Based upon the transcriptomic data available across 26 different disease sites with matched normal tissue, the researchers demonstrated that they can:
* identify highly dysregulated pathways in the tumor as compared to the normal tissue;
* map the transcriptional reprogramming to better understand and predict patterns of metabolic flux;
* attribute these transcriptional changes to master metabolic transcriptional regulators; and
* predict and target these pathways with a high amount of specificity.
In addition, the research also identified metabolic pathways uniquely dysregulated among different subtypes of breast cancer. The findings suggest that metabolic-based therapies can be tailored to different subtypes of the disease.
Implications & Next Steps
This research supports the potential utilization of metabolic therapies in clinical practice.
"Traditionally, metabolism-targeted therapies have been avoided due to a high level of toxicity, given that cancer and normal tissues heavily rely on many of the same pathways," Smiraglia noted. "By identifying pathways that are more highly dysregulated in the tumor, as compared to the normal tissue, as well as those that are more specific to a particular disease site, you have the potential to more effectively use these metabolism-targeted therapies in the clinic with reduced toxicity.

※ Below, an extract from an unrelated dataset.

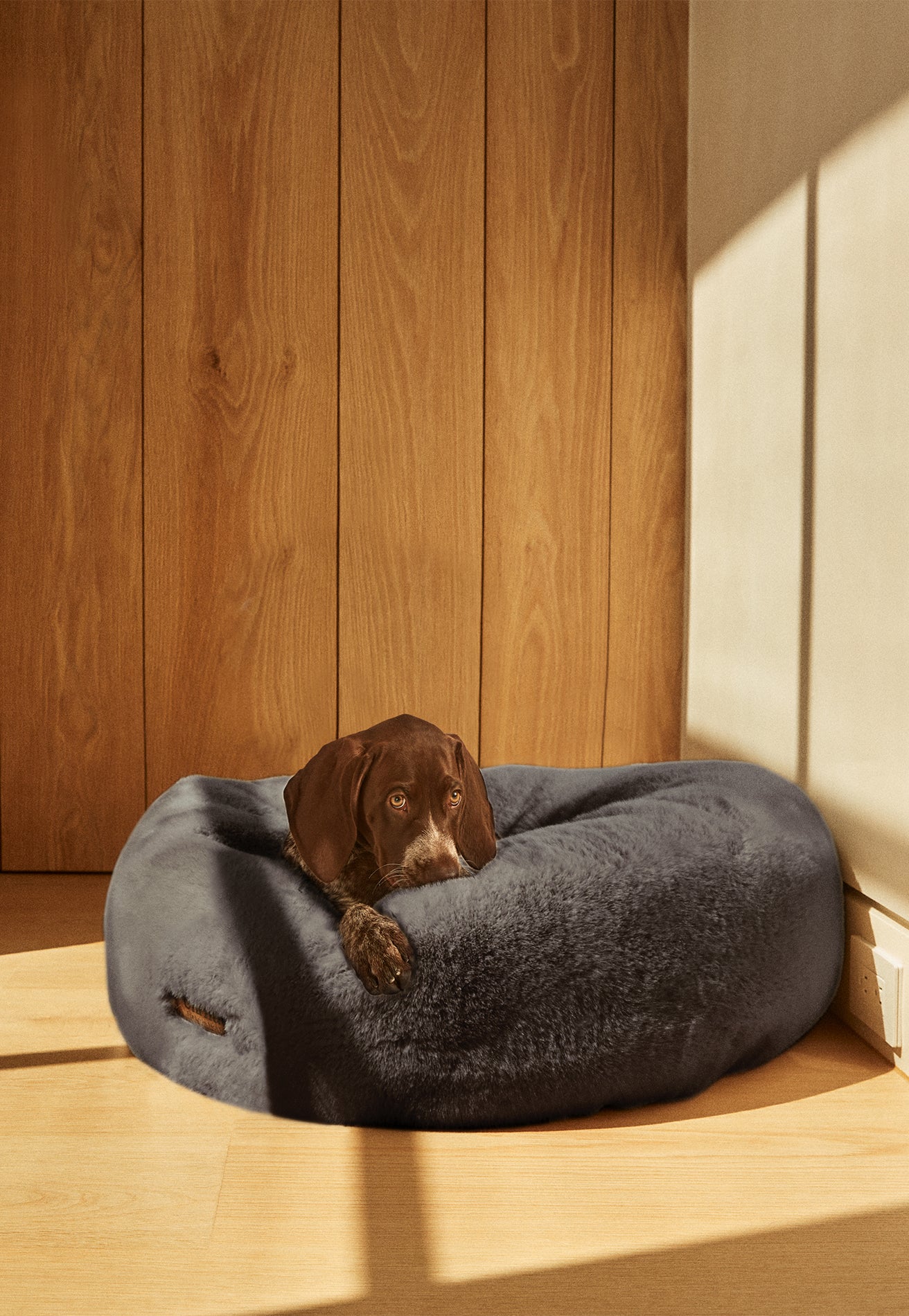 Floof Donut Pet Bed - Image 17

"This bioinformatics pipeline also demonstrates that we can correctly map potential changes in metabolic flux, and thereby informs future metabolomics studies, as well as future basic research," he added.

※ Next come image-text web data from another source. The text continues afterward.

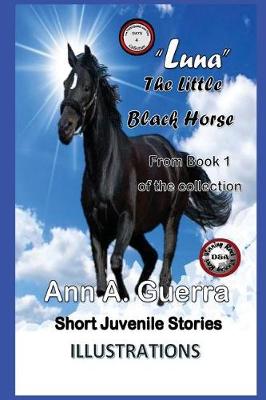 Cover of "Luna" The Little Black Horse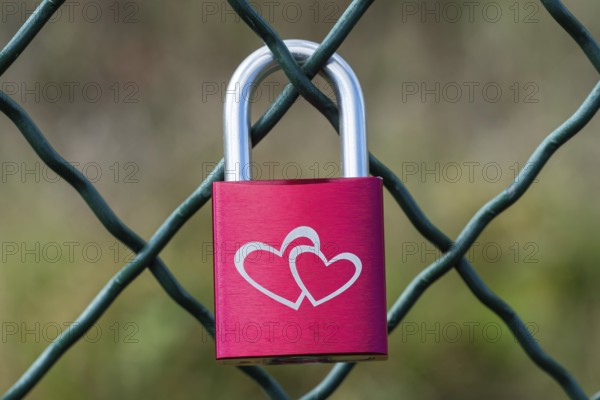 Love padlocks on a bridge. Valentines day love concept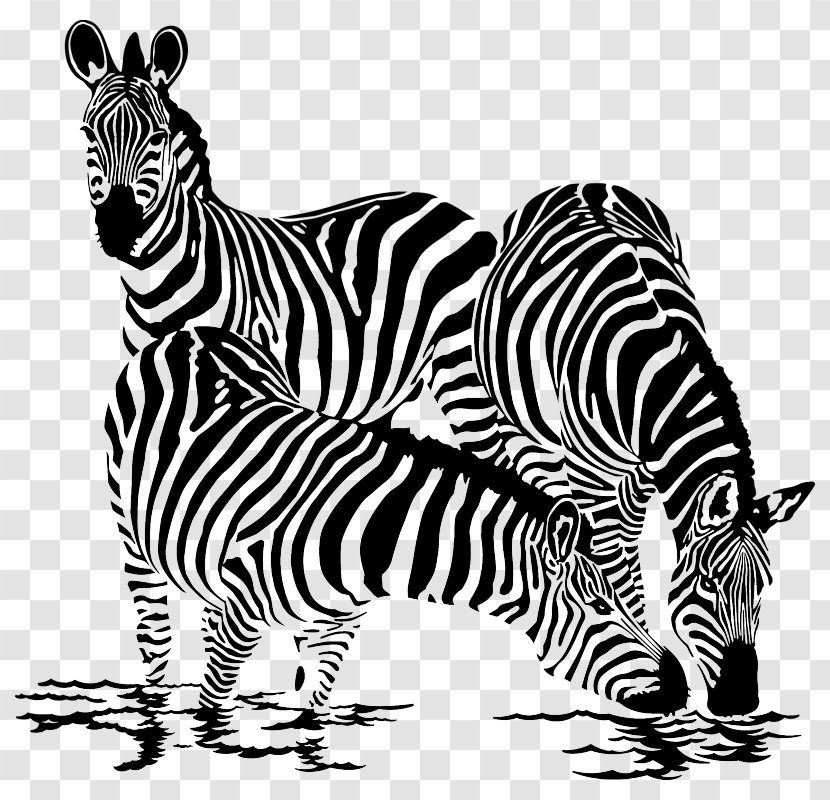 Drawing Vector Graphics Royalty-free Illustration Clip Art - Water - Zebra Transparent PNG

What's next for Smiraglia and his team? Given the continued move towards personalized medicine, his lab is investigating the effects of targeting some of the uniquely dysregulated pathways in prostate cancer.

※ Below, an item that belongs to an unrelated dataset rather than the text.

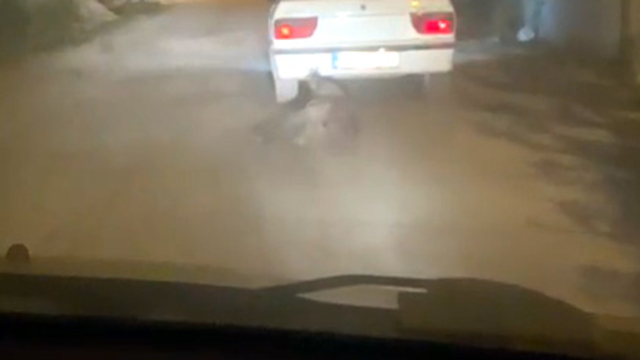 Yaban domuzunu otomobilin arkasına bağlayıp sürükledi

"Further, we are trying to better understand the role that these master metabolic transcriptional regulators play in the sensitivity to targeted therapies, and how this could be used to inform who should and should not be receiving these drugs in the clinic," he noted. "Our hope is to not only eventually have a clinical trial targeting a metabolic pathway, but to have the ability to stratify patients into those most or least likely to respond."
Catlin Nalley is a contributing writer.